An exact retyping of all lines below is the answer; pictures do not belong in it.

§ Given material
*** Begin section ***
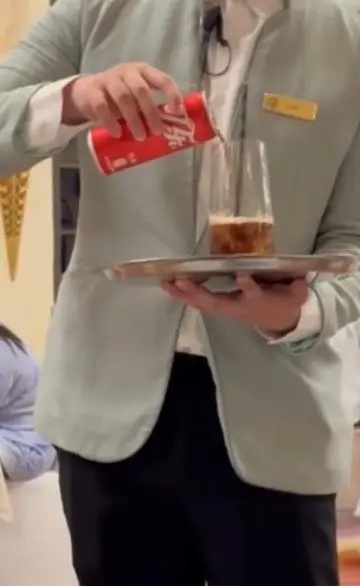 服务员当面倒入罐装可乐一杯卖50元其实吧，酒水饮料在饭店价格都加不少，再普通不过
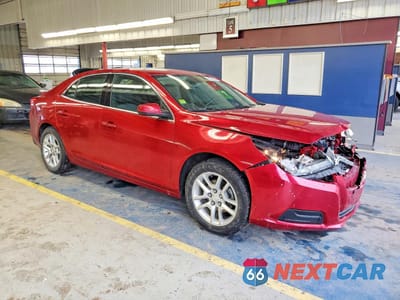 Czwarte zdjęcie samochodu z boku: 2013 CHEVROLET MALIBU 1LT VIN:1G11D5RR3DF118594 - miniatura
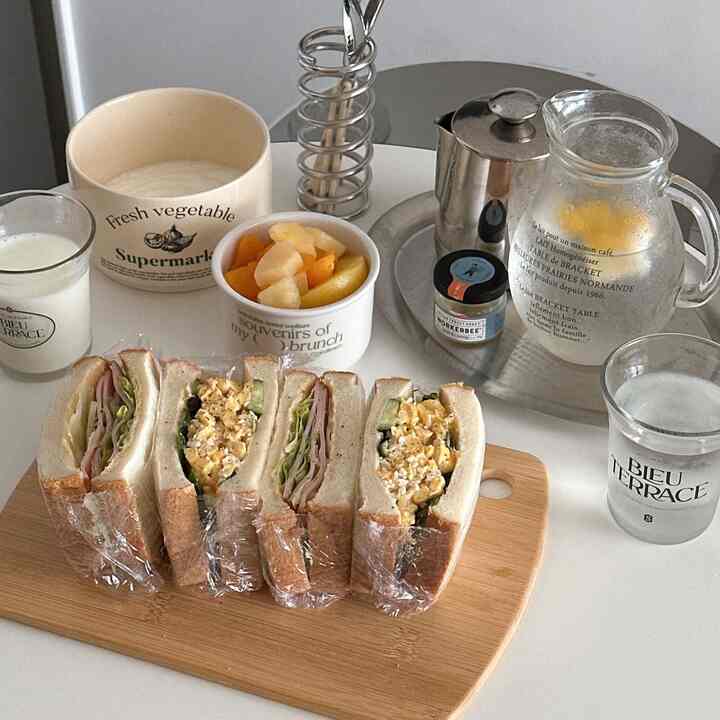 Sandwich from my last holiday🥪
*** End section ***
§ Solution to this task
 服务员当面倒入罐装可乐一杯卖50元其实吧，酒水饮料在饭店价格都加不少，再普通不过
 Czwarte zdjęcie samochodu z boku: 2013 CHEVROLET MALIBU 1LT VIN:1G11D5RR3DF118594 - miniatura
 Sandwich from my last holiday🥪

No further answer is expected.